=== Dataset entries ===
BEGIN

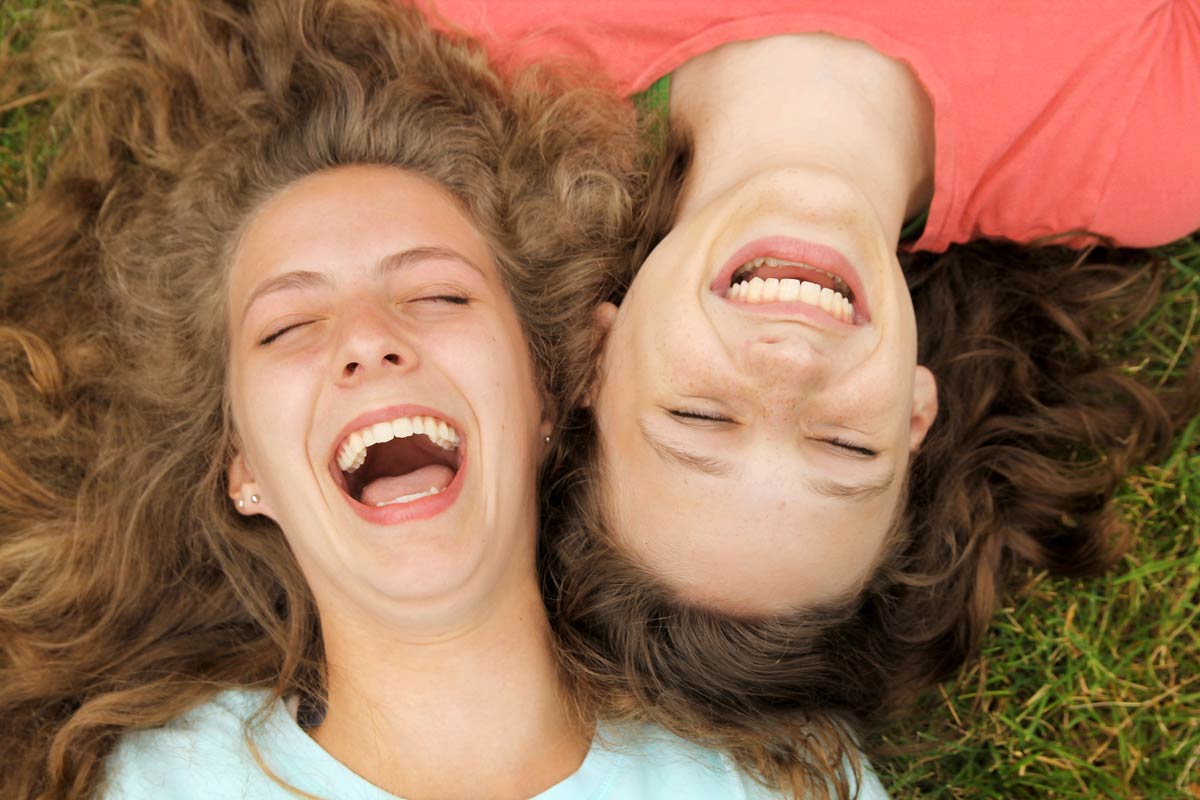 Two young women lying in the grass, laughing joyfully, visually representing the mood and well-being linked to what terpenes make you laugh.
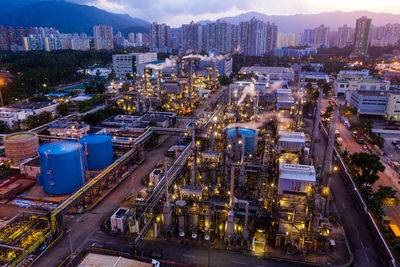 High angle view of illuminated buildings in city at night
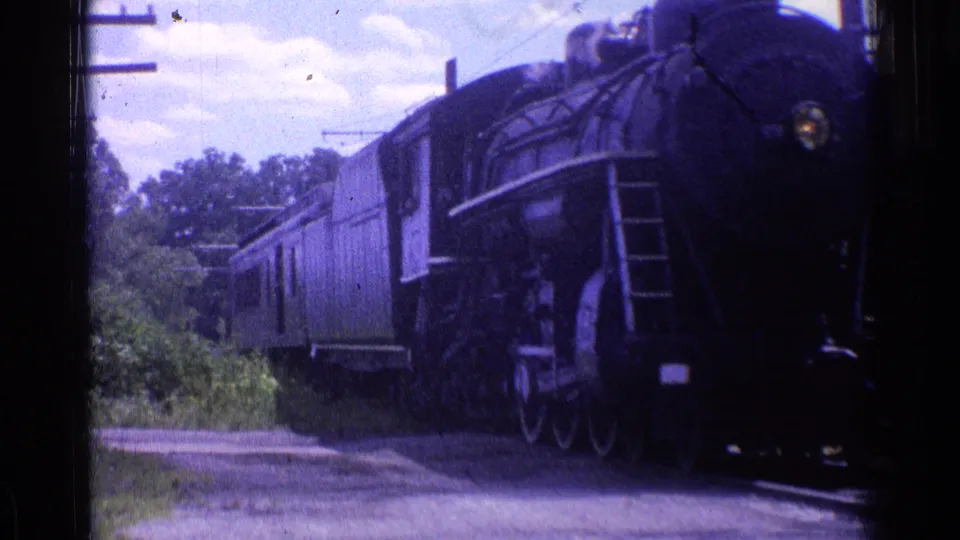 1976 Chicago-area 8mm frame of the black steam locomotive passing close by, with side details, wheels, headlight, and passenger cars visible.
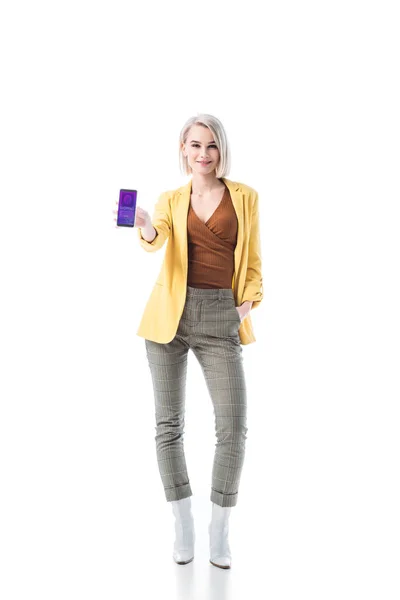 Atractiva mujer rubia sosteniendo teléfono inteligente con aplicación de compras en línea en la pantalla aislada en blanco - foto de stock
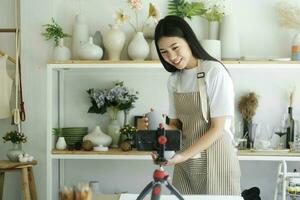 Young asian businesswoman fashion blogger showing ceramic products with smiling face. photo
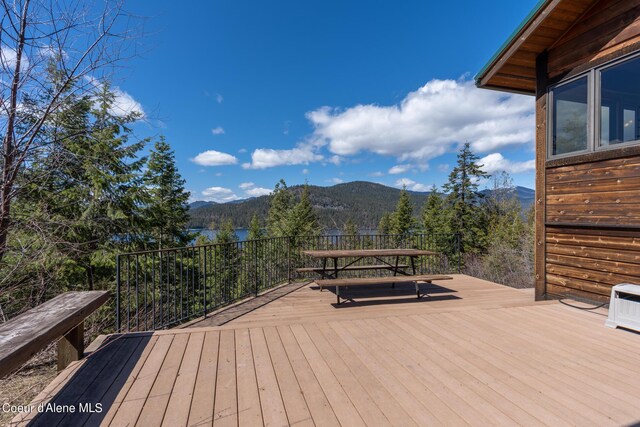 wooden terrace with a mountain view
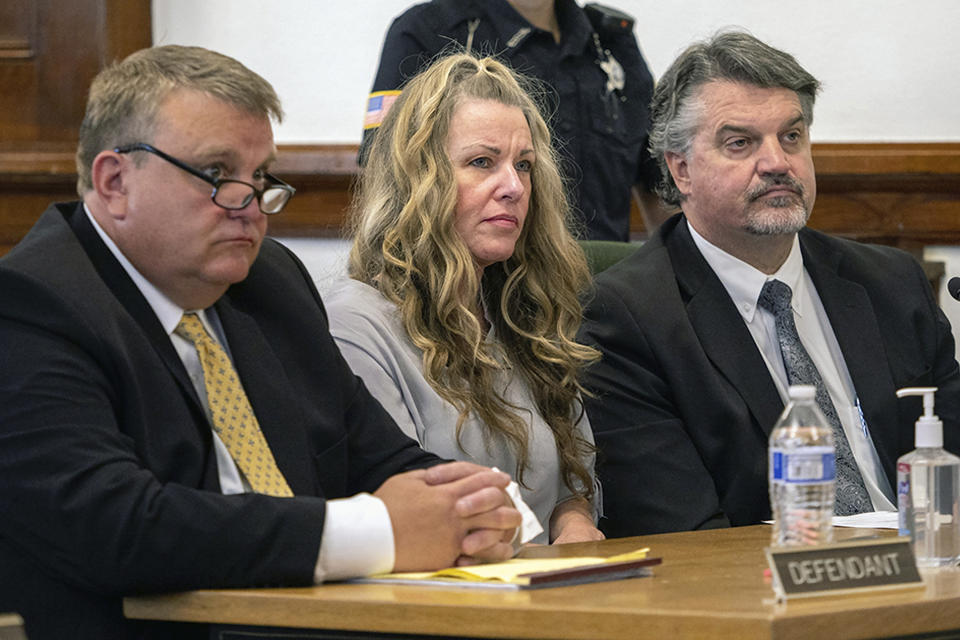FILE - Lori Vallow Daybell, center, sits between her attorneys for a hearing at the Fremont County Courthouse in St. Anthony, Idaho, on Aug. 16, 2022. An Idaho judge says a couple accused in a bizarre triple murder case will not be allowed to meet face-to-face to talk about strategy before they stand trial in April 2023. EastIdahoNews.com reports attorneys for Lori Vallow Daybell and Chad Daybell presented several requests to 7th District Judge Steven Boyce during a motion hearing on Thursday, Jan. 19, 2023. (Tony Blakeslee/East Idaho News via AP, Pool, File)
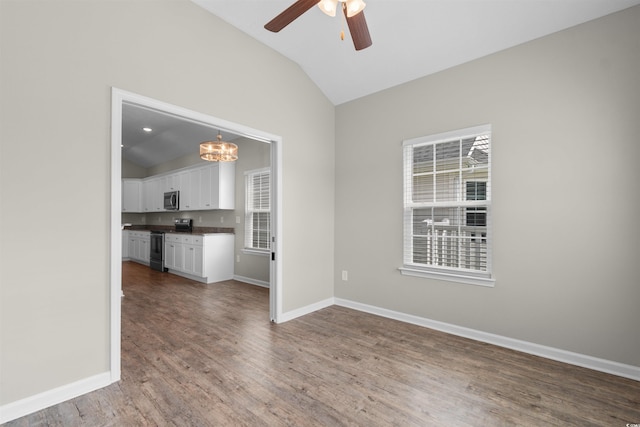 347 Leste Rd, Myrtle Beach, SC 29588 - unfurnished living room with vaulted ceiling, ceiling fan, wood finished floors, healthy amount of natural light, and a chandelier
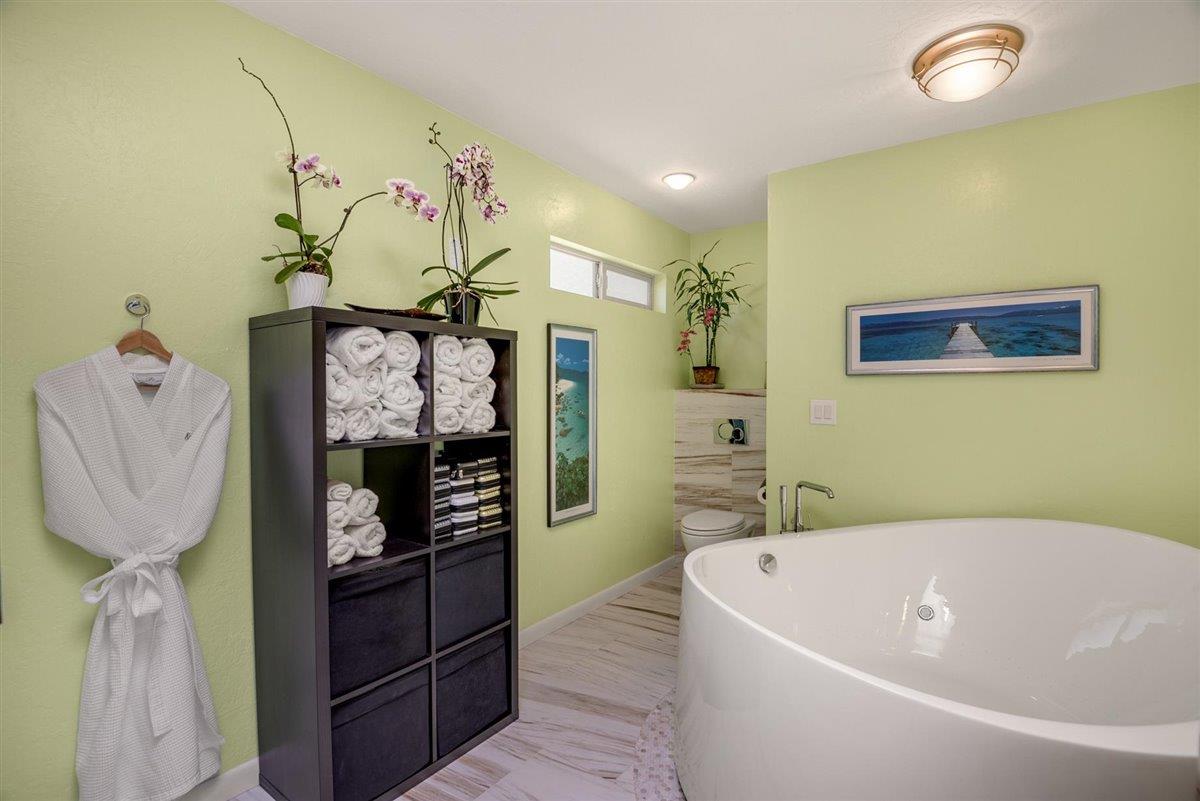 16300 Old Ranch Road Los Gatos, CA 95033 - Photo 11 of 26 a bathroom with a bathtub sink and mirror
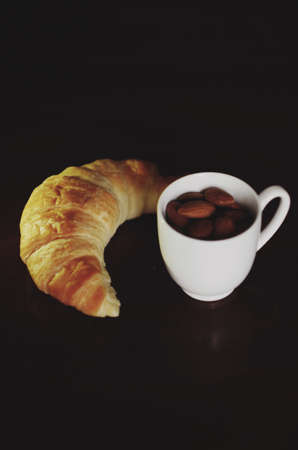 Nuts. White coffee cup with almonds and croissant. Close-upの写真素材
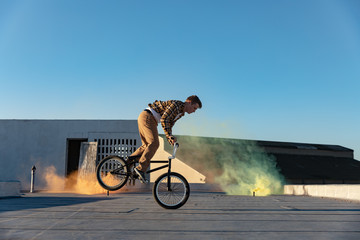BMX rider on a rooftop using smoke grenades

END

=== Work to be completed ===
Could the entries above be retyped exactly, with the pictures left out?

=== Written reply ===
 Two young women lying in the grass, laughing joyfully, visually representing the mood and well-being linked to what terpenes make you laugh.
 High angle view of illuminated buildings in city at night
 1976 Chicago-area 8mm frame of the black steam locomotive passing close by, with side details, wheels, headlight, and passenger cars visible.
 Atractiva mujer rubia sosteniendo teléfono inteligente con aplicación de compras en línea en la pantalla aislada en blanco - foto de stock
 Young asian businesswoman fashion blogger showing ceramic products with smiling face. photo
 wooden terrace with a mountain view
FILE - Lori Vallow Daybell, center, sits between her attorneys for a hearing at the Fremont County Courthouse in St. Anthony, Idaho, on Aug. 16, 2022. An Idaho judge says a couple accused in a bizarre triple murder case will not be allowed to meet face-to-face to talk about strategy before they stand trial in April 2023. EastIdahoNews.com reports attorneys for Lori Vallow Daybell and Chad Daybell presented several requests to 7th District Judge Steven Boyce during a motion hearing on Thursday, Jan. 19, 2023. (Tony Blakeslee/East Idaho News via AP, Pool, File)
 347 Leste Rd, Myrtle Beach, SC 29588 - unfurnished living room with vaulted ceiling, ceiling fan, wood finished floors, healthy amount of natural light, and a chandelier
 16300 Old Ranch Road Los Gatos, CA 95033 - Photo 11 of 26 a bathroom with a bathtub sink and mirror
 Nuts. White coffee cup with almonds and croissant. Close-upの写真素材
BMX rider on a rooftop using smoke grenades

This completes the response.